(Stored records)
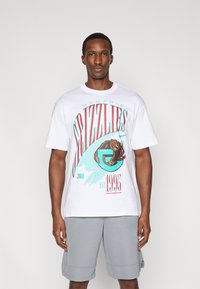 Λευκό βαμβακερό μπλουζάκι με γραφικά των Memphis Grizzlies σε τιρκουάζ και κόκκινο, κοντά μανίκια και λαιμόκοψη. Φορεμένο με γκρι σορτς.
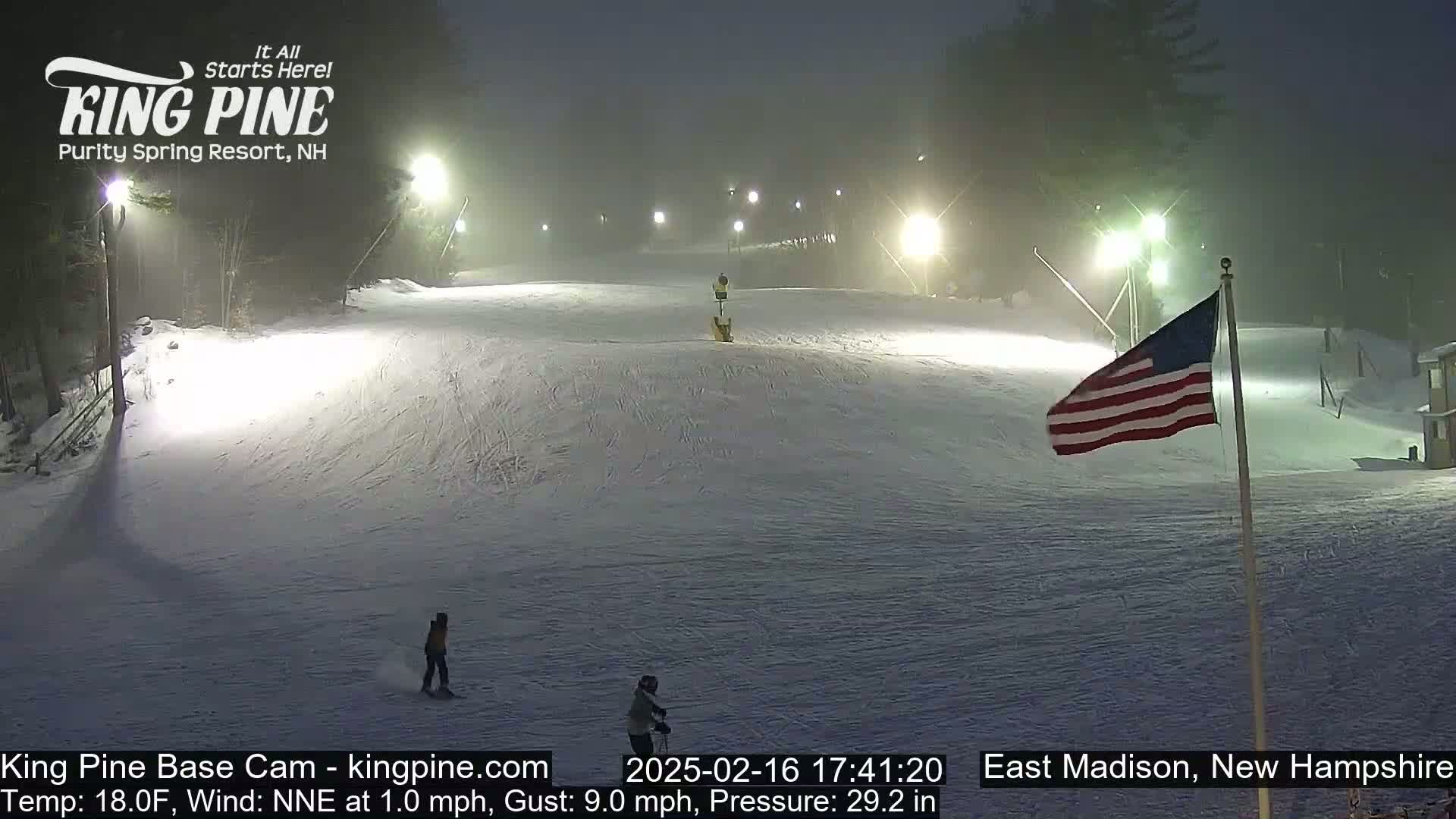 A nighttime view of a snow-covered ski slope with a person snowboarding, illuminated by lights, under hazy conditions.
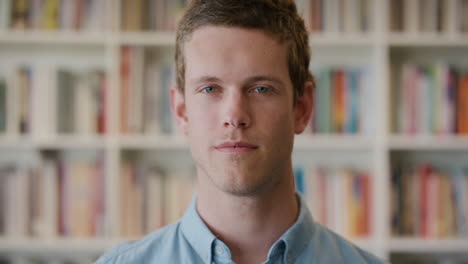 portrait attractive young man turns head looking confident successful male entrepreneur in library bookshelf background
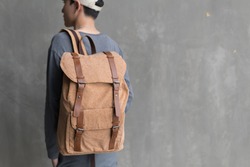 Handsome Asian man with lightbrown ( cork ) canvas backpack smiling standing with cap.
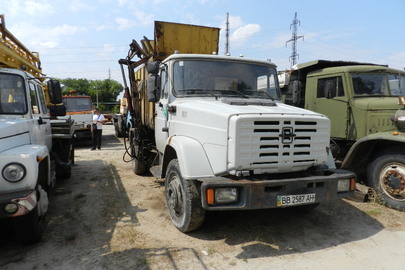 Вантажний автомобіль: КО 431, на шасі ЗИЛ 433362, (сміттєвоз), білого кольору, ДНЗ ВВ2587АМ, 2003 року випуску, VIN: 43336233473228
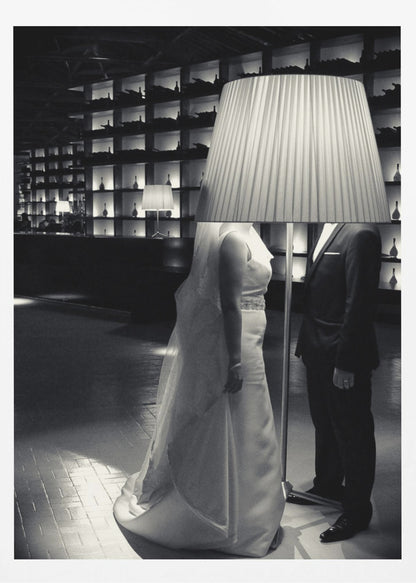 A surreal black and white photograph of a bride and groom whose heads are comically obscured by a large, pleated lampshade from a floor lamp standing between them. They are in a modern, dimly lit room with a wall of illuminated shelves. Poster
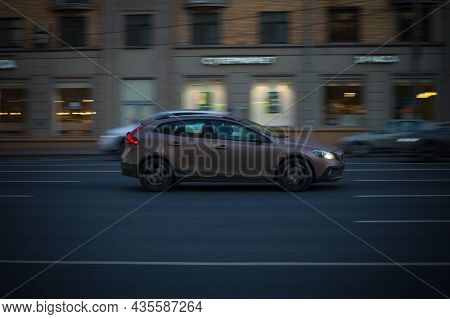 Side View Rolling Shot With Brown  Volvo V40 In Motion On City Street At Night. Evening Driving Alon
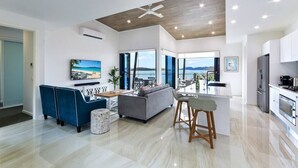 A modern living room with a sofa, a dining area, and a kitchen.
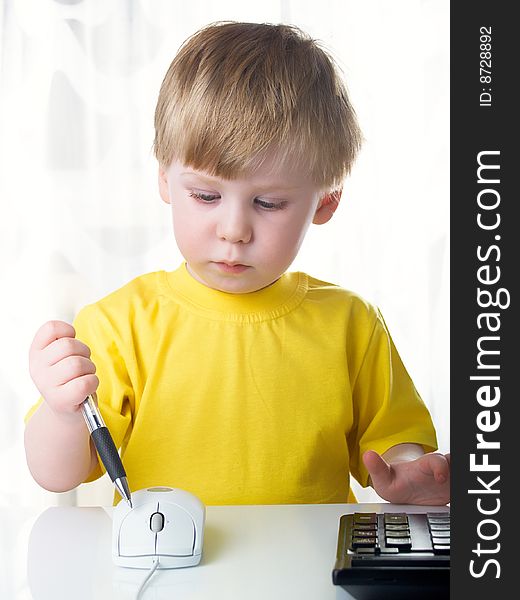 Little boy using a mouse on white background. Little boy using a mouse on white background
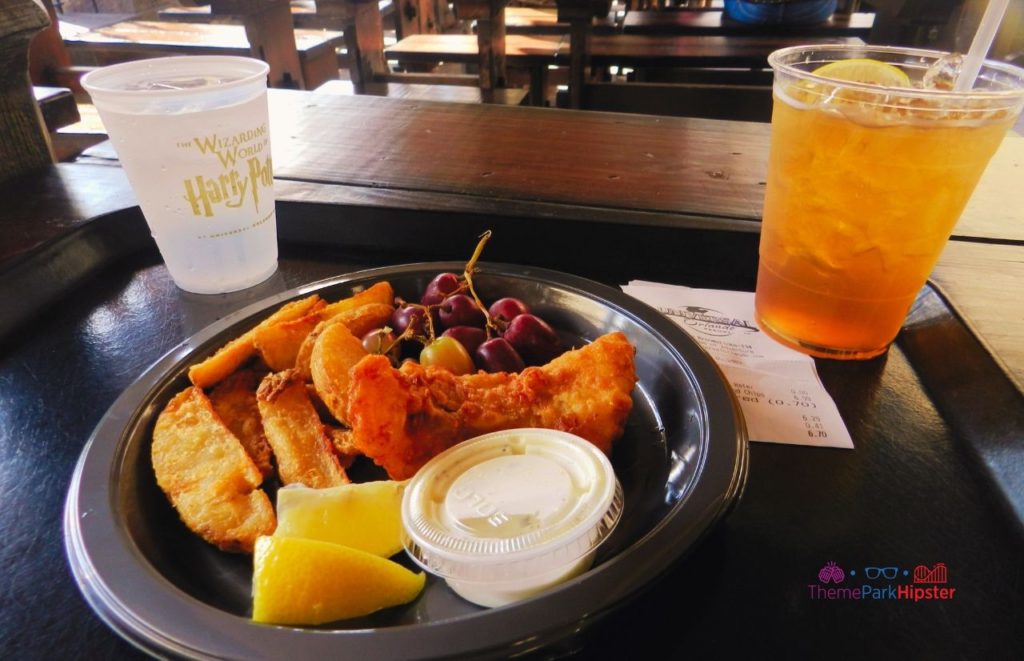 Universal Orlando Resort Fish and Chips at Three Broomsticks in The Wizarding World of Harry Potter Hogsmeade. Keep reading to get the full guide to the Universal Orlando Mobile Order Service.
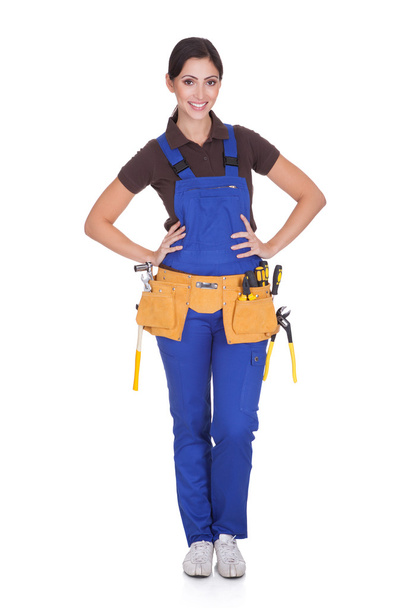 Female Construction Worker With Toolbelt - Foto, imagen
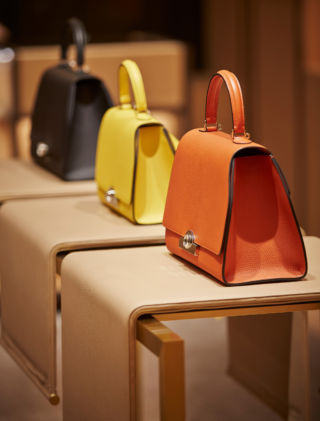 In Moynat's Mount St. store in London, handbags are placed on draped leather tables, which reflect the structured design of the product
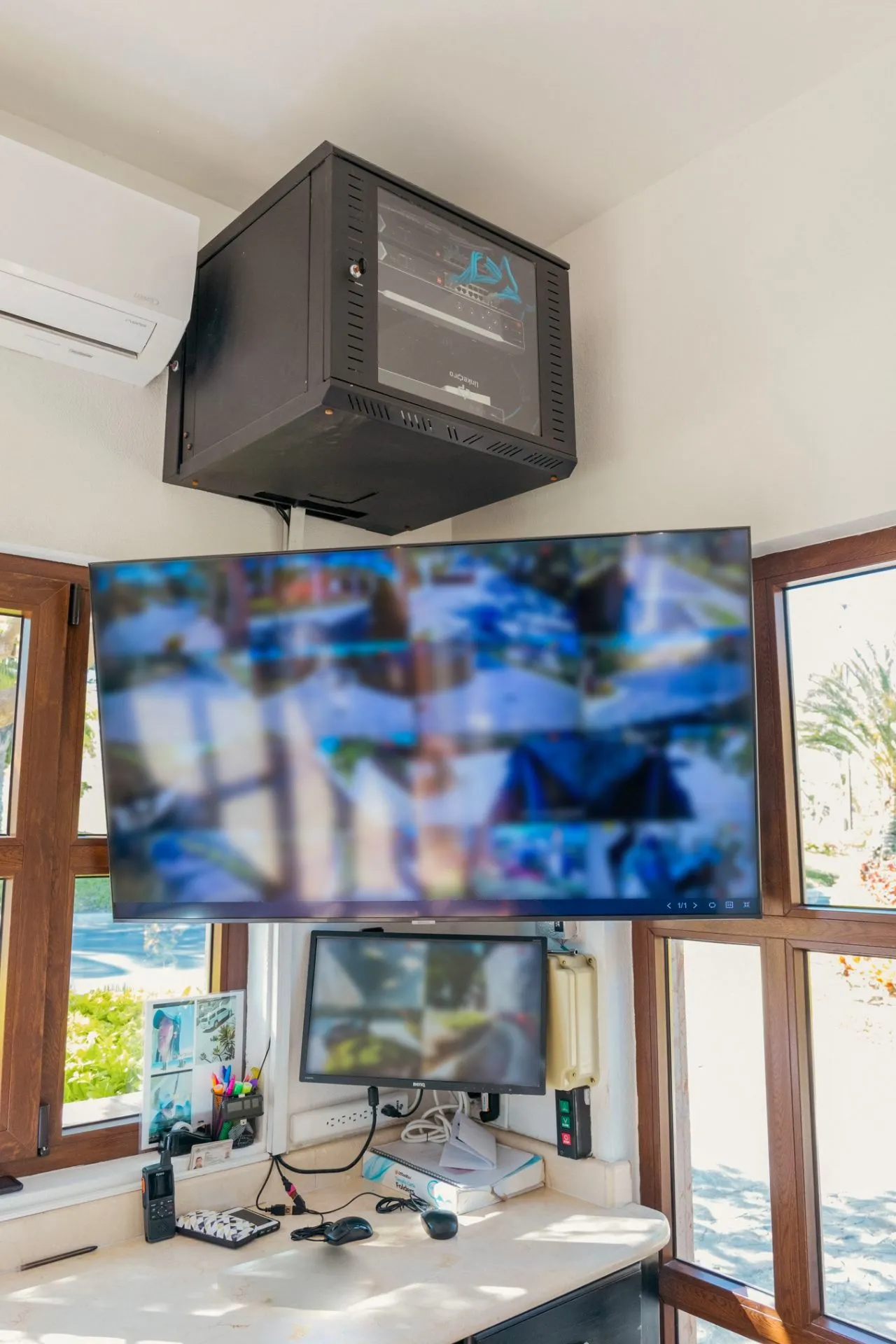Booth with a TV showing the cameras, a monitor and a wall-mounted network cabinet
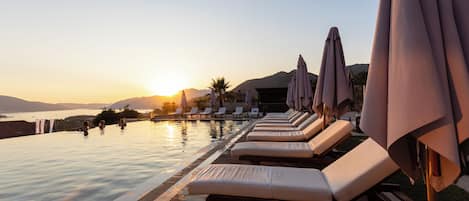 Outdoor pool, open 8:00 AM to 7:00 PM, pool umbrellas, sun loungers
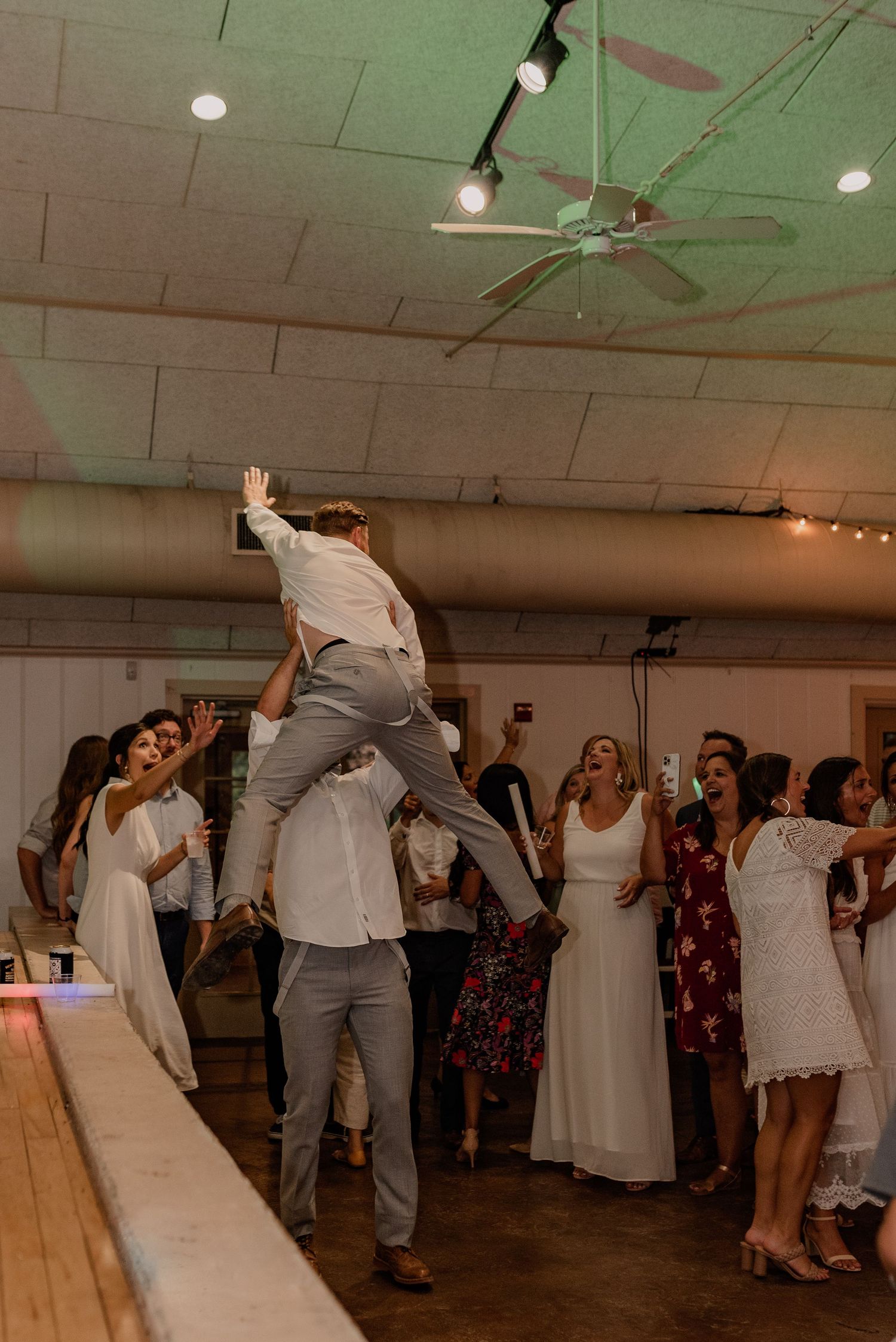 Guest performs acrobatic dance move at wedding reception while others cheer.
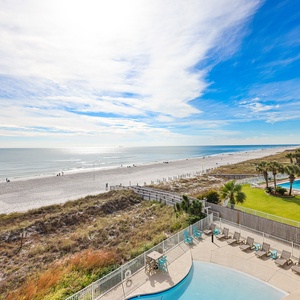 This inviting space features a stunning beachfront view, with a relaxing pool area below and vibrant blue skies above
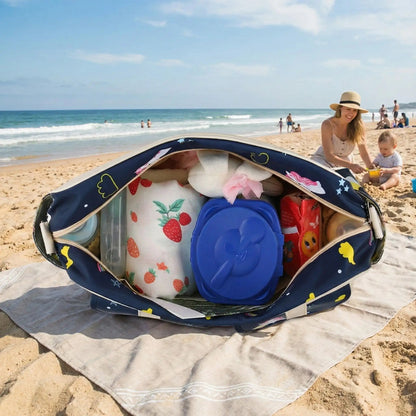 sac à langer bébé harmony sur la couverture avec maman et bébé sur la plage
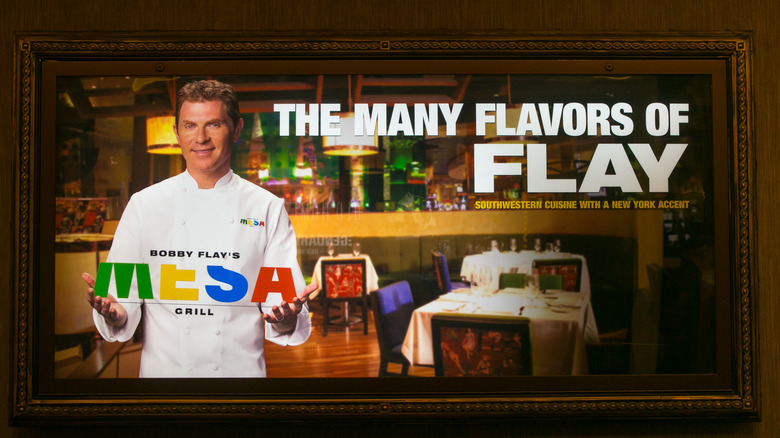 A billboard advertisement for Mesa Grill featuring Bobby Flay.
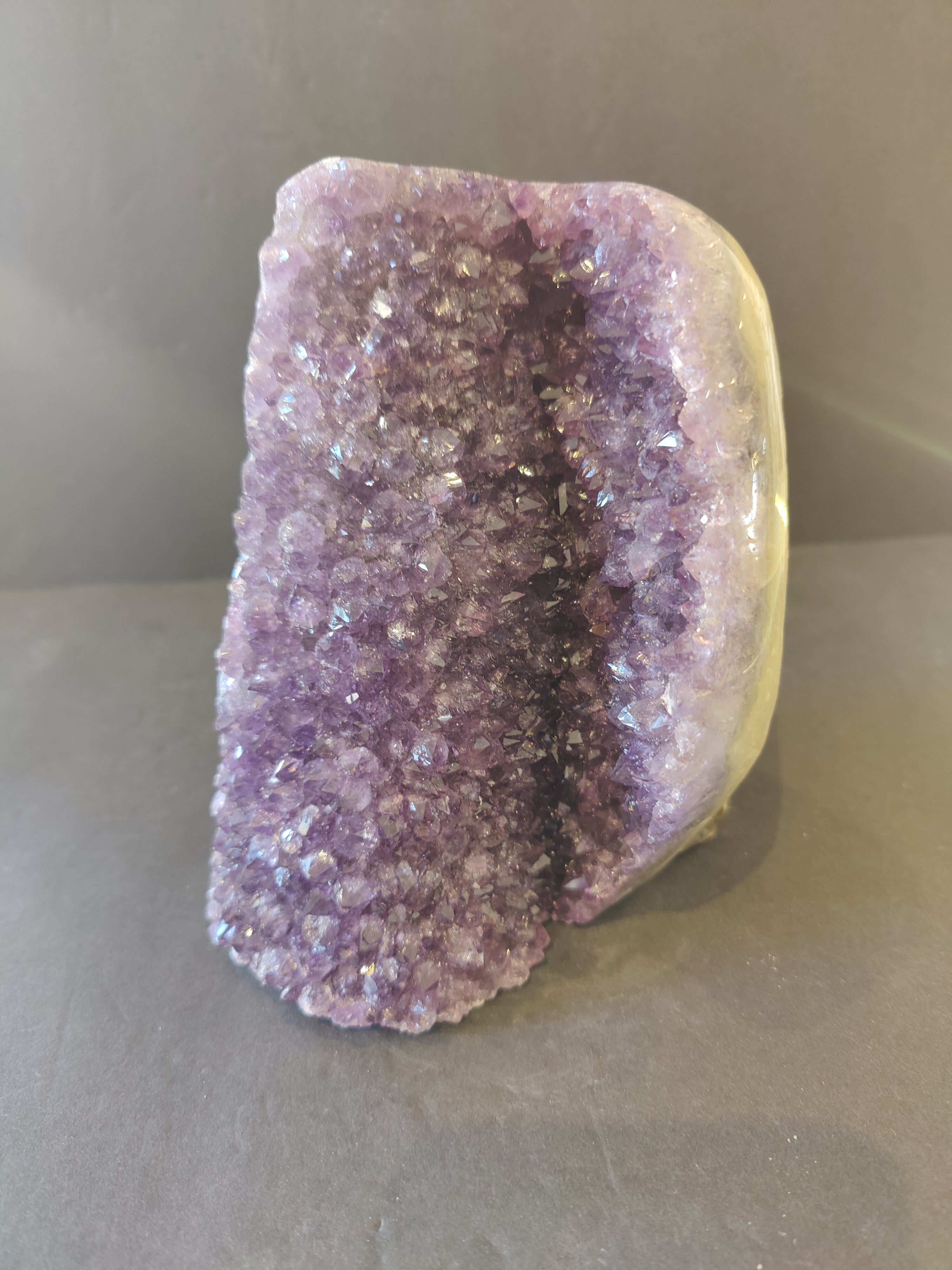 Amethyst Cut Base Geode with polished edge banded agate on a white background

What the task requires: Please output, exactly as written, the lines above from the one holding "Booth with a" through the one holding "This inviting space", both included, with the pictures omitted.

Final answer:
Booth with a TV showing the cameras, a monitor and a wall-mounted network cabinet
 Outdoor pool, open 8:00 AM to 7:00 PM, pool umbrellas, sun loungers
 Guest performs acrobatic dance move at wedding reception while others cheer.
 This inviting space features a stunning beachfront view, with a relaxing pool area below and vibrant blue skies above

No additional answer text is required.